# trailer adjustment



## iam2sam (May 25, 2016)

The trailer that I bought along with my Sea Nymph Coho 16 is long enough for the boat, but while it fits the boat fairly well, it does not appear to be optimally adjusted (several of the boat supports on the trailer are obviously adjustable to fit individual boats).For one thing, the tongue weight is nearly nonexistent. Does anyone have a pointer to a post or some article that gives the lowdown on how to do this kind of adjustment? I don't want to use "poke and hope" for fear of messing up a situation that is currently "good enough".


----------



## lckstckn2smknbrls (May 25, 2016)

Can you post some pictures?
Your going to have to get your boat and trailer weighted. Load the boat as you would have it normally on your way to go boating. You want about 10% of the total weight as the tongue weight for proper trailer handling. Your going to have to move the boat forward on the trailer to increase the tongue weight or move some weight around in the boat. Depending on where the boat is on the trailer.
Then you can adjust the bunks, rollers and bow stop.


----------



## perchjerker (May 25, 2016)

in addition to the excellent advice posted, on some trailers you can move the axle to adjust the tongue weight


----------



## richg99 (May 26, 2016)

I've never done it, but I have read that you can weigh the tongue with a bathroom scale. richg99


----------



## lckstckn2smknbrls (May 26, 2016)

richg99 said:


> I've never done it, but I have read that you can weigh the tongue with a bathroom scale. richg99


Yes you can you but you will still need to know the total weight of the boat and trailer in order to know what the tongue weight should be.


----------



## perchjerker (May 26, 2016)

on a small rig like this I would just guesstimate the weight.
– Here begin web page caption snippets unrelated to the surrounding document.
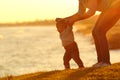 Confident baby learning to walk and mom helping him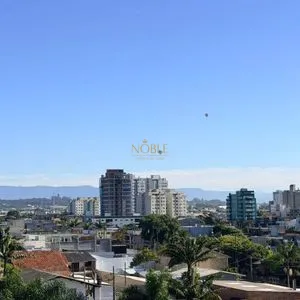Apartamento com 64m², 2 dormitórios, 1 suíte, 1 vaga no Aston em Torres para Comprar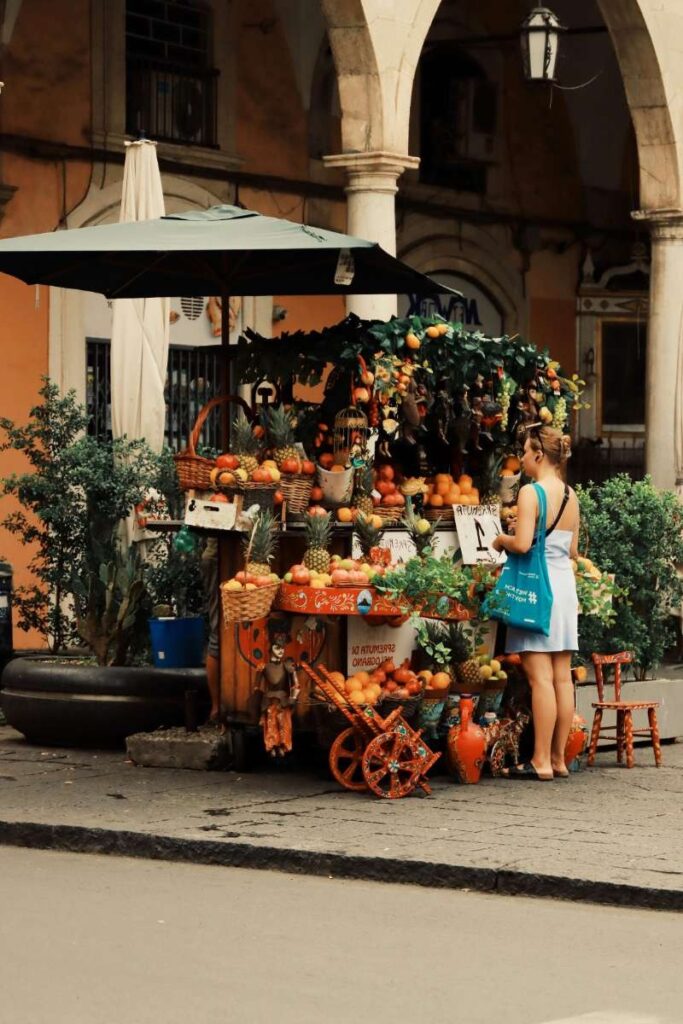 A woman shops at a colorful fruit stall in a street market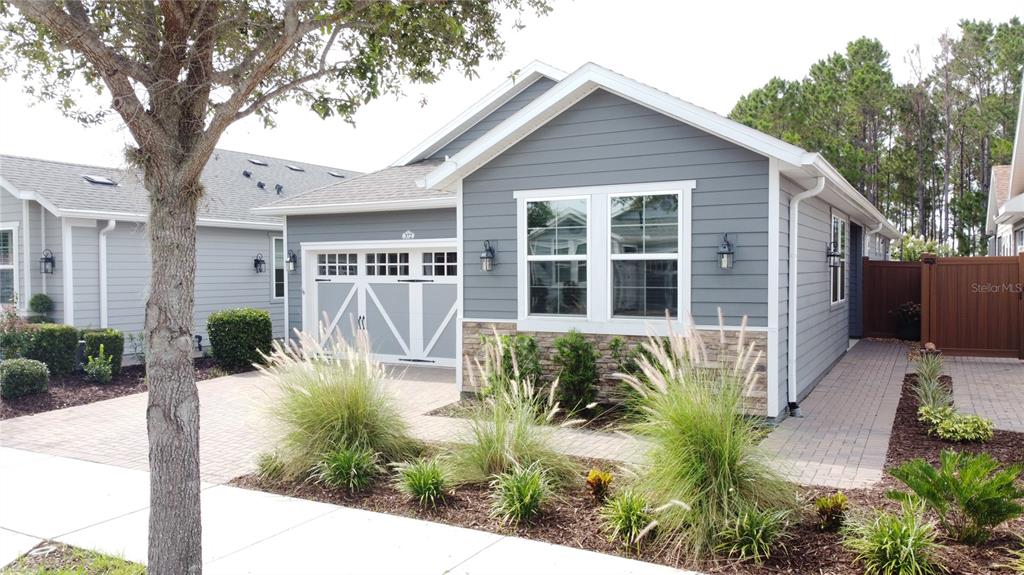 A single-story house with gray horizontal siding, a stone base, and a paved driveway — 372 ALCOVE DRIVE, GROVELAND, FL
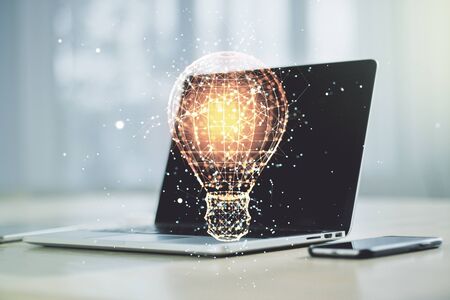 Creative light bulb hologram on modern laptop background, idea concept. Multiexposureの写真素材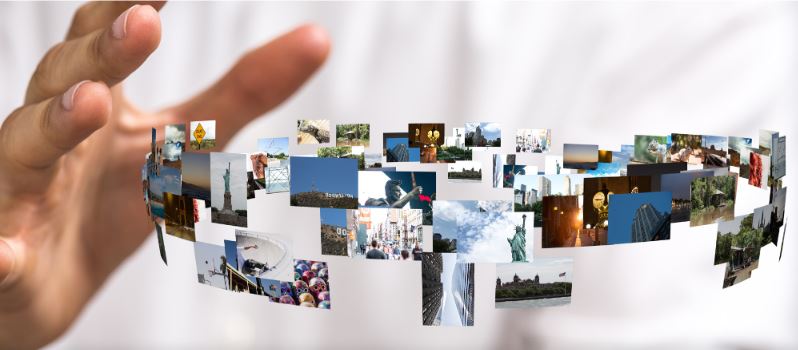 Hand mit vielen herumfliegenden Fotos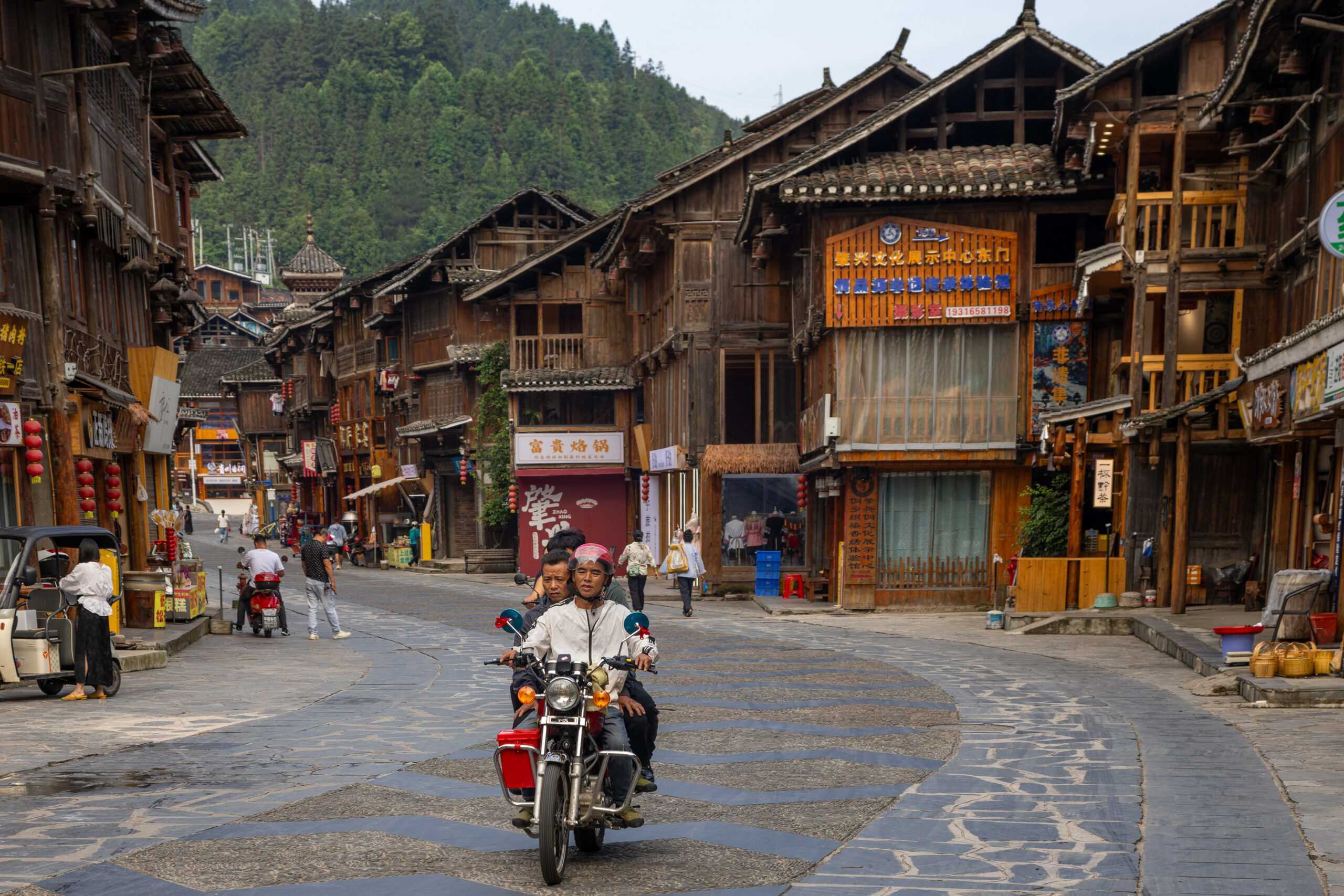 Stone-paved street lined with traditional wooden buildings in Zhaoxing Dong Village
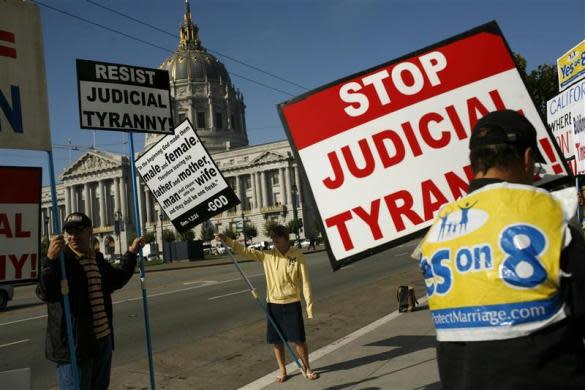 Supporters of California's Proposition 8 ban on gay marriage protest outside the California Supreme Court in San Francisco, California before a hearing on the initiative September 6, 2011. California voters banned same sex weddings in 2008 by approving so-called Proposition 8. But last year a U.S. district judge ruled the measure unconstitutional. The hearing discusses whether supporters of an initiative like Proposition 8, could defend a ballot proposition if state leaders did not, a technical yet crucial legal issue in the closely watched gay marriage case.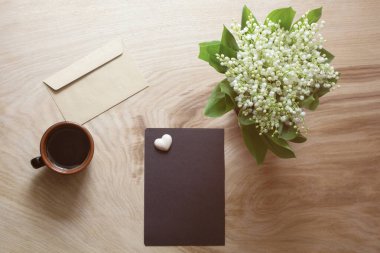Koyu bir kağıt, bahar çiçekleri, tahtadan bir fincan kahve.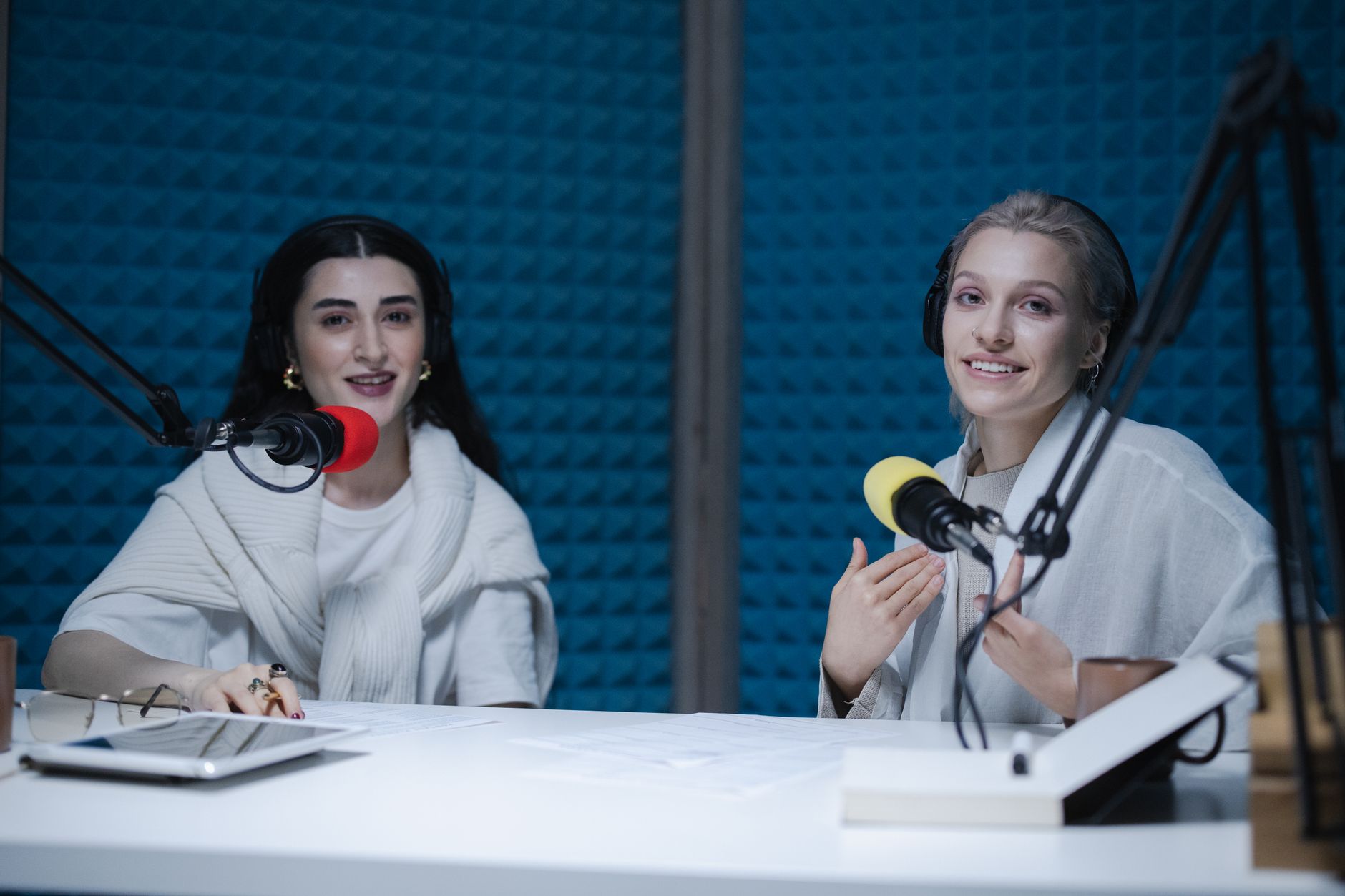 Two smiling women recording a podcast with microphones in a sound studio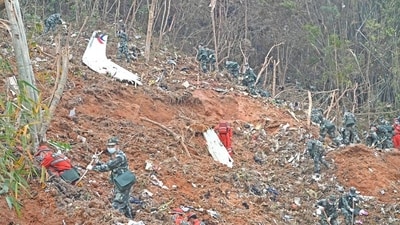 Rescuers search for the black boxes at a plane crash site in Tengxian county of Wuzhou, Guangxi Zhuang Autonomous Region in China on March 22, 2022. (File Photo/REUTERS)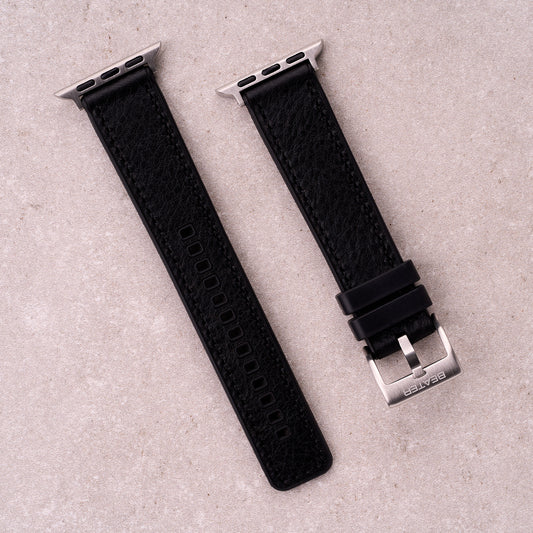The Tailor leather and FKM rubber Apple Watch band in Black, front view showing the full strap and buckle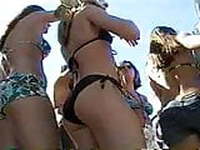 Spring break chick in black bikini dancing ass in camera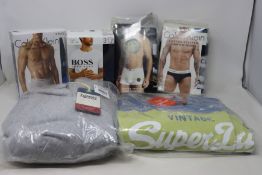 Three packs of Calvin Klein underwear (3 per pack), a pack of Hugo Boss crew neck T-shirts (S),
Its not that critical, as long as you have enough tongue weight to prevent trailer sway you will be fine, probably 100lbs would be more than enough


----------



## Scott85 (May 26, 2016)

Take it to a truck scale one time with just the truck and next time with the boat and trailer with the load out that you would normally go with. That way you can figure out the the weights.


Sent from my iPhone using Tapatalk


----------



## iam2sam (May 27, 2016)

What I really wanted to know was if there is a generic method to adjust small boat trailers. From the responses I conclude that there isn't - it is specific to the trailer make and model. I don't need a scale to know that with the motor in running position I could easily lift the bow with my little finger and it stayed up in the air  I will see if there is an obvious fore and aft axle adjustment on the Teeny trailer. Otherwise I will look to position items in the boat to provide tongue weight. The situation did change for the better yesterday. PO had a mid-sized Mercury (35 - 40 HP) electric start remote control long shaft motor (~200 lbs) on an improvised raised transom. I have restored the original low transom and yesterday I procured a mid-1970s 25 HP two cylinder short shaft Evinrude pull start tiller steer motor that weighs <100 lbs. That in itself should help the balance somewhat (haven't installed the motor, so don't know how much). Fortunately I only tow locally at < 50 MPH so while swaying remains a concern, it is a bit less so than if I was towing long distances at high speeds.


----------



## WaterWaif (May 27, 2016)

Trailer designs vary enough to make it hard to have a generic approach across the board.
Roller trailers/bunkstyle trailers.
Supporting your hull is obviously important and some trailer set ups allow you to crank the boat up off most the trailer...not always a good thing...
Most possible adjustments are easy enough to spot. 
Your bow stop might need to be a little farther ahead if hull is still supported that way , but without pictures ,hard telling. Some/many trailers allow that adjustment easy enough.


----------